[[ Provided data open ]]

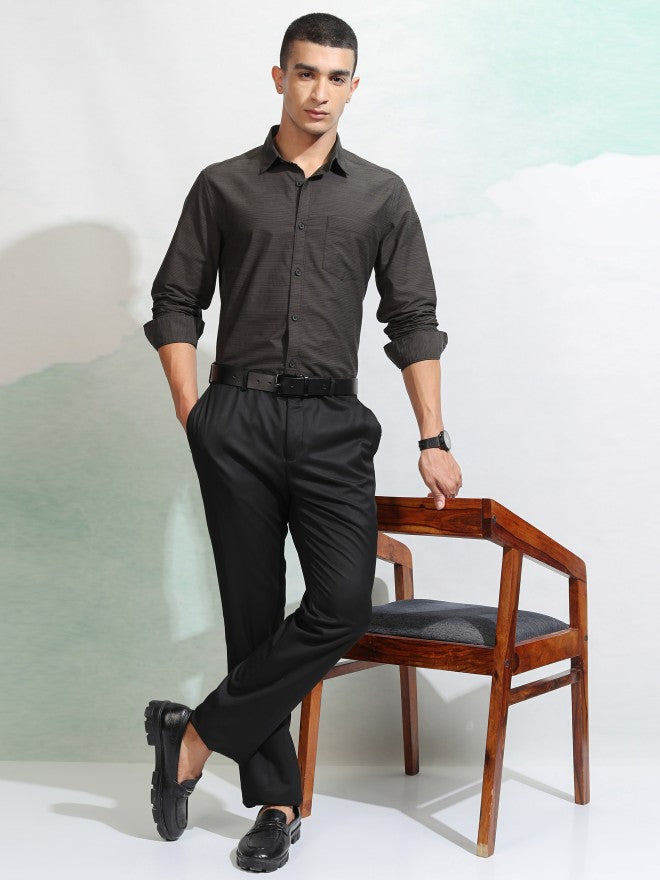 Highlander Men Grey Textured Slim Fit Casual Shirt - Grey - Image 2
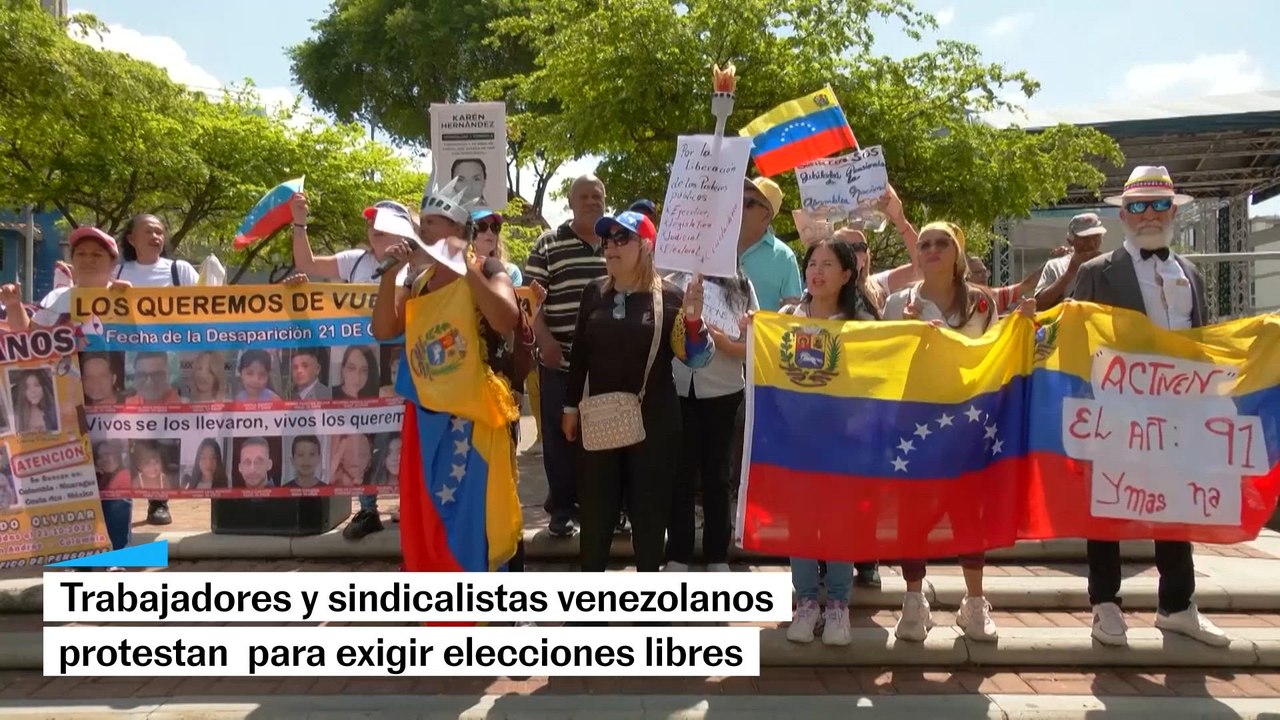 Venezolanos solicitan elecciones libres en la embajada de Estados Unidos en Caracas.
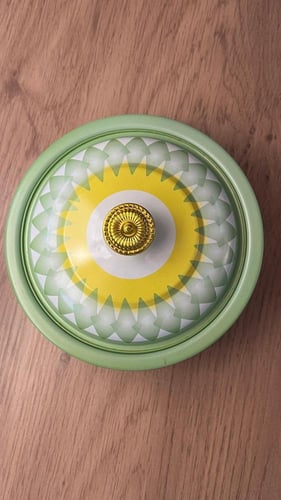 زبدية معدن بغطاء بطراز تراثي - لون أخضر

[[ Provided data closed ]]

(Exercise directions):
Copy, exactly and exclusively, the lines beginning with the one that contains "Venezolanos solicitan elecciones" and ending with the last line of the listing; pictures are to be omitted.

(Result of the exercise):
 Venezolanos solicitan elecciones libres en la embajada de Estados Unidos en Caracas.
 زبدية معدن بغطاء بطراز تراثي - لون أخضر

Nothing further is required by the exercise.